Below are entries; output exactly the lines from the one with "Understanding the mechanisms" to the one with "Transfected HEK-293 cells", both included, and nothing else.

::: Input :::

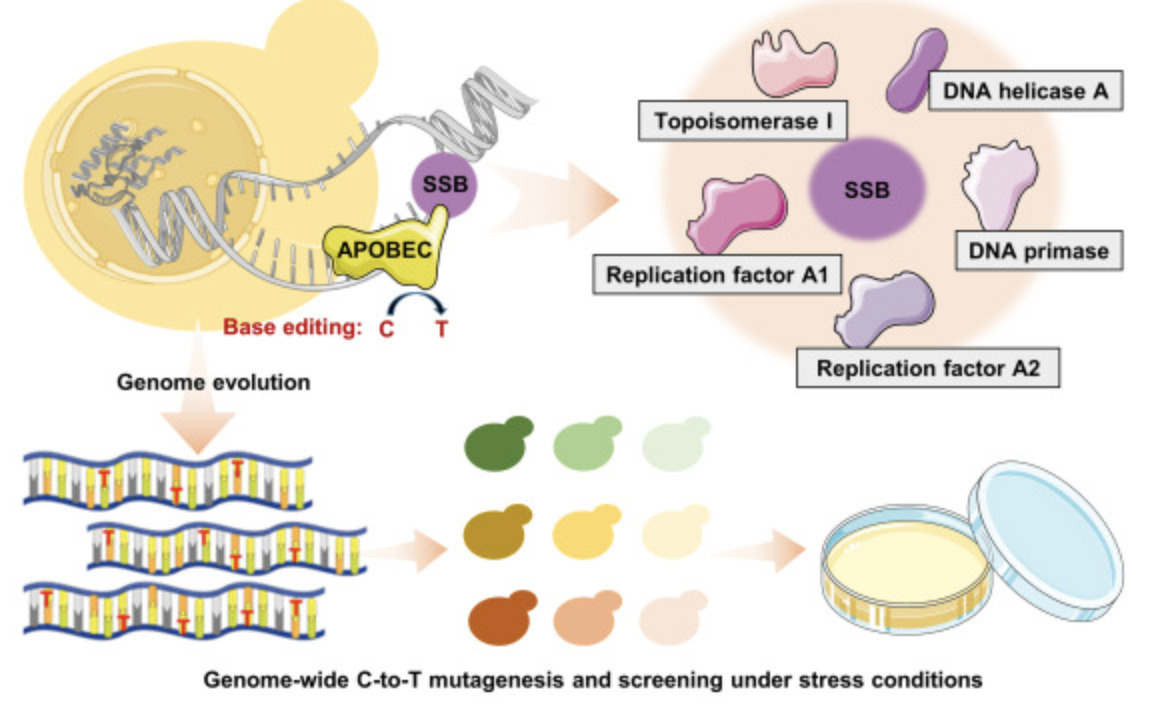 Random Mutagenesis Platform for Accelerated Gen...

:::
::: Input :::

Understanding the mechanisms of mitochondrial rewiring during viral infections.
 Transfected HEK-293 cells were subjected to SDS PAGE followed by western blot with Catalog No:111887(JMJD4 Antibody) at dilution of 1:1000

:::

Solution for this exercise.
Understanding the mechanisms of mitochondrial rewiring during viral infections.
 Transfected HEK-293 cells were subjected to SDS PAGE followed by western blot with Catalog No:111887(JMJD4 Antibody) at dilution of 1:1000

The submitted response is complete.